By the 1980s the Guillemot population was on the rise and Tim set up a yearly study through Sheffield University to monitor the Skomer population. We have one of the only increasing populations in Britain. While the dramatic decline of Guillemots in Scotland and the North East of England has been linked to losses of sand eels and changes in fishing practices, Skomer’s Guillemots feed largely on sprats which remain abundant. Despite it’s apparent prosperity, Tim is always quick to point out that more levels of legal and physical protection are needed for Skomer’s bird population. While more research is vital to shedding light on the complex interaction of seabirds, fish stocks and the marine environment so that we can safeguard our Guillemots from the fate of their North Sea cousins.

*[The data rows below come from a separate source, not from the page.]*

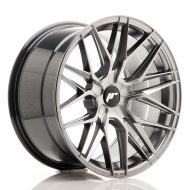 Vanne Japan Racing JR28 18x9,5 5x112 5x105 5x120 5x100 5x115 5x118 5x110 5x114,3 5x108 40 28 38 32 20 35 25 37 29 26 22 34 36 30 33 24 21 27 23 39 31 Hiper Black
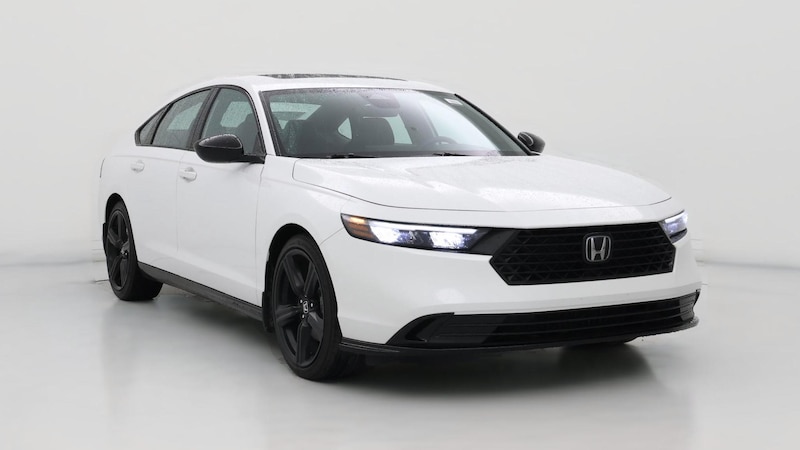 2023 Honda Accord Sport-L Hero Image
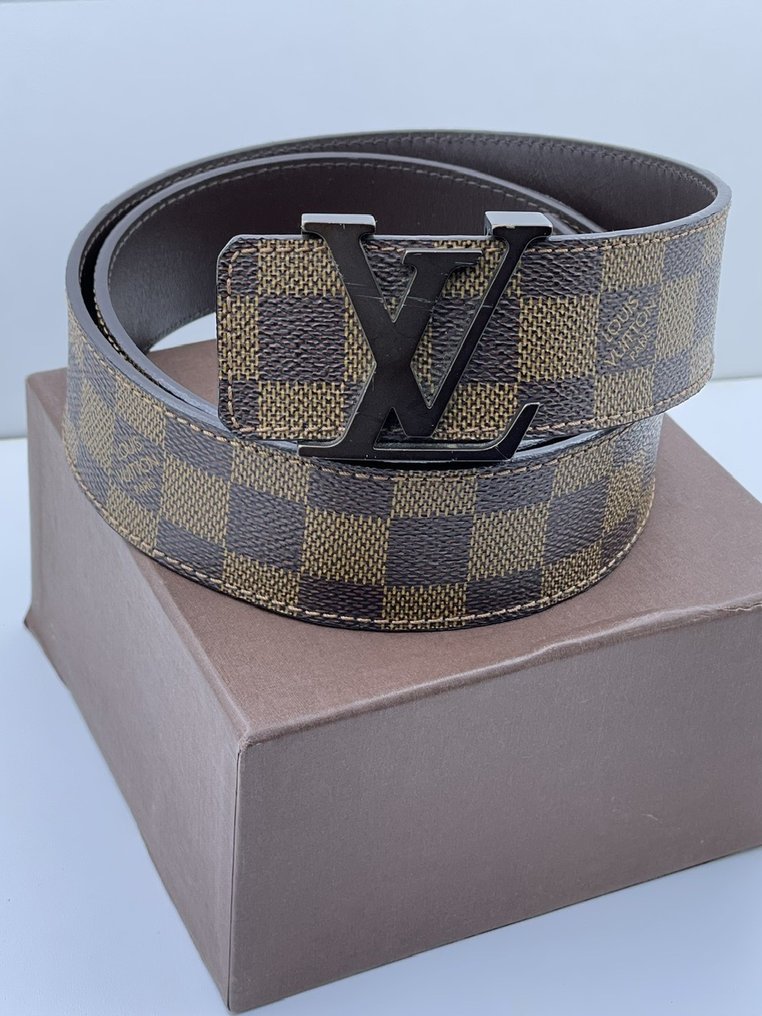 Boite ceinture louis vuitton clearance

Working on her Phd, Elspeth Kenny is studying the fascinating social interactions of Guillemots under Tim’s supervision. Guillemots breed in some of the densest colonies of any bird, sometimes up to 70 in a square metre. This affords them some protection from predators, but also has the potential to cause lots of squabbles between the birds during the hectic time before eggs are laid. Social rules are needed to maintain a dense and therefore safe and productive colony, and to make sure the birds keep their breeding site from being taken over by other birds. It seems the social life of Guillemots is a lot more complicated than it might appear, as they nest next to their neighbours nearly every year of their 20 year life. One of the behaviours being studied is allo-preening, the act of preening one’s neighbours which helps to forge the strong bonds between a Guillemot, it’s partner and it’s neighbours. The birds may well be as faithful to their friends as they are their ledges.
So Elspeth wakes early every day and walks to her study site. Her custom built bird hide was constructed with the help of one of our volunteers, Howard, a retired carpenter. Built in a workshop, and designed to be clipped together with no screws on site, the hide was a piece of flat packed engineering that would have had Ikea’s design team turning green with envy. Now rooted to a rocky ledge, much like the Guillemots, it allows Elspeth a unique view into the private life of our birds, and will be her home from home for the next three years.
Julie Riordan comes from Australia. I think it’s fair to say that for the first month on Skomer she was constantly cold. Spring has finally forced the damp winters’ air from the old farm buildings where the researchers stay, and Julie is busy everyday now, monitoring the productivity of the Guillemots at various study sites around the island. While Elspeth’s role is to get know a few pairs of Guillemots relationships intimately, Julie has a wider remit, monitoring population levels and taking the down the details of any ringed birds. The BTO had large numbers of dead ringed birds reported (the highest level of ring re-sightings of Skomer birds since the study began) over the winter, a large proportion of which were female. How this will impact the overall productivity of the seabirds after their stressful winter is one of the questions Julie’s research hopes to answer. Once the Guillemots chicks have all leaped faithfully into the sea after their parents, Julie will also be taking flight, back to Australia.